To constitute our Open Source knowledge base, we continuously crawl different platforms, whether it’s for source code (i.e. Github and GitLab), packages (i.e. NPM, NuGet and PyPi) or binaries (i.e. Maven).
There are four primary steps to crawling:
1. Cloning a copy of an open source component, including all versions, revisions, commits and files (i.e. .java, .js, .jar, .dll, .xml, .md and others).
2. Starting from day one of the project (i.e. the very first version in chronological order), we compute a unique key for each file using the standard SHA256 secure hash algorithm from NIST associated with its creation timestamp. These are fingerprints. In other words, if a given file is not modified across the project timeline, its fingerprint will remain the same. As you can understand, as soon as this file is modified – whether it’s a new line of code, instruction or comment, a different fingerprint with the modification timestamp will be computed.
3. All component fingerprints are stored in a database along with the version details and component meta data, including the version number, release date, component name, license, origin platform URL, technology and project metrics.
4. Before inserting any fingerprint in the database, the system checks if the same fingerprint has been found previously in the database and is linked to another component. If that’s the case, the system retains only the oldest fingerprint based on its timestamp, which is the commit date if it’s a source code repository and a push date if it’s a package archive.
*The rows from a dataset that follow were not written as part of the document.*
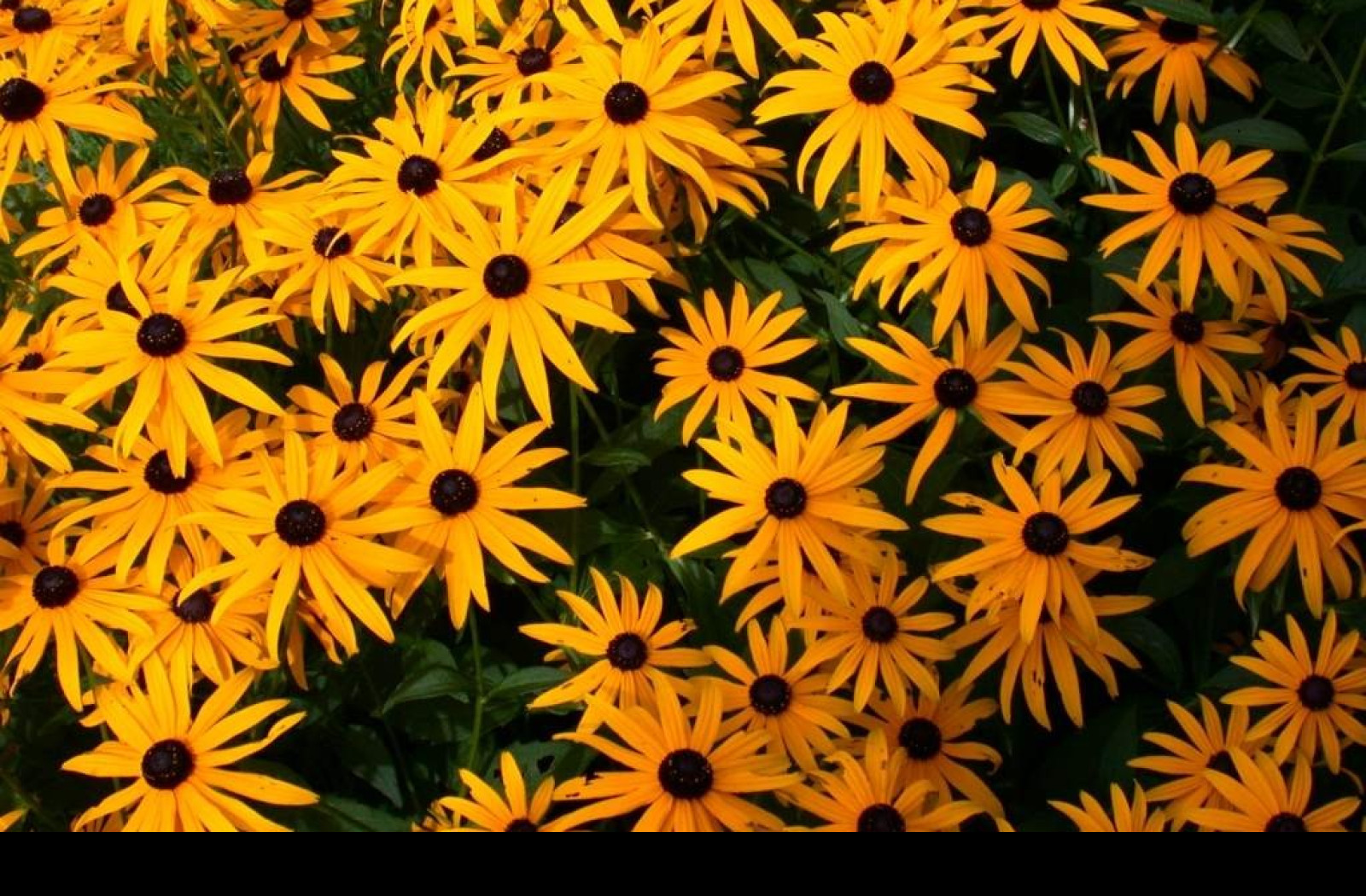 Tapeta rudbeckia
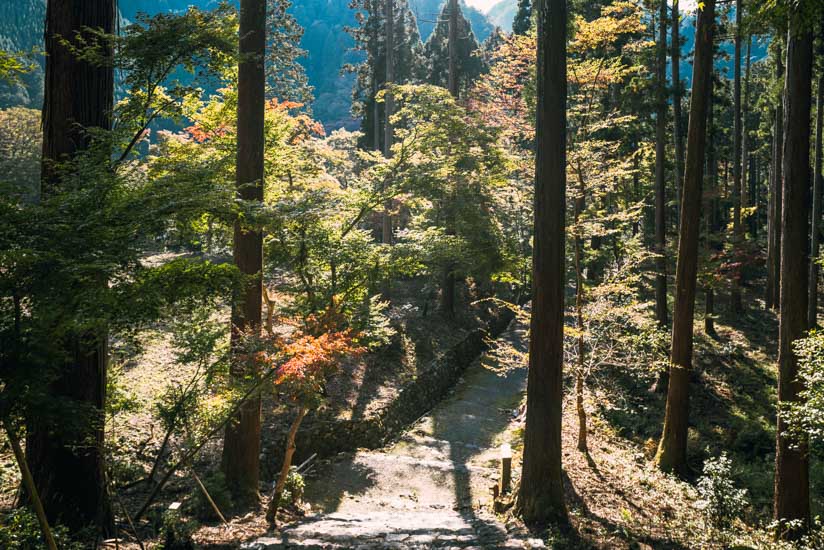 金堂から表参道を見下ろす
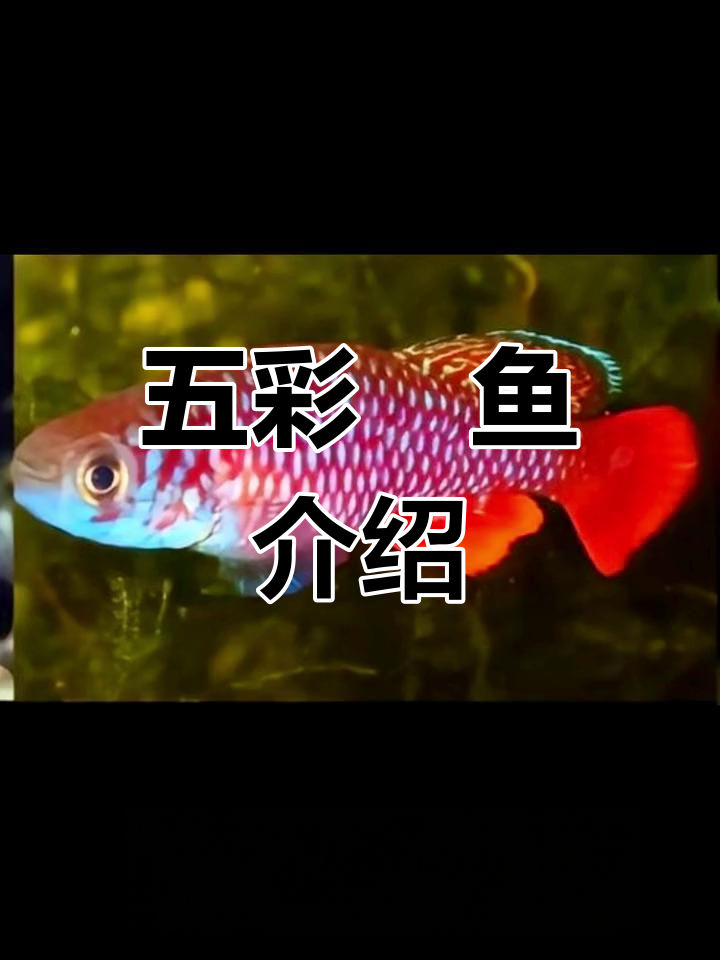 鳉鱼家族大揭秘:五彩斑斓的江水精灵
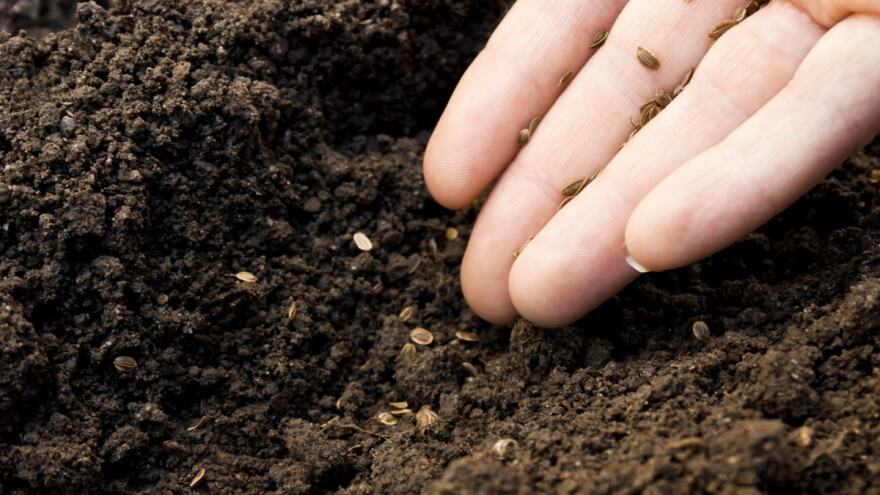 Zbog čega je bitno provjeravanje klijavosti sjemena?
Why It’s Important to Check Temporal Anteriority
When teams decide to use Open Source components within an application, they don’t often know much about the origin of the OSS, except perhaps if it’s a fork from another component. However, traceability of what composes software is key when talking about business applications. It is becoming increasingly important to be aware from a vulnerability standpoint (i.e. if a malicious file somewhere in a repository makes the whole application vulnerable), but it’s especially true when legal and license compliance concerns are raised.
How CAST Highlight Scans and Understands Application Portfolios
Whether using the command line or local agent to scan source code, CAST Highlight computes SHA256 fingerprints of files using the same algorithm as other Open Source crawlers. These fingerprints are stored in resulting CSV files produced by CAST Highlight’s analyzers. Because a binary file (.jar, .dll, etc.) is not a type of file that Highlight parses in depth, binary files are detected in parallel and fingerprinted in a separate CSV.
Once the results have been uploaded into the CAST Highlight platform, fingerprints are checked against our proprietary SCA database – the largest in the industry – to determine matches across billions of fingerprints and millions of projects. This information is then aggregated at the component/version level within the CAST Highlight dashboards.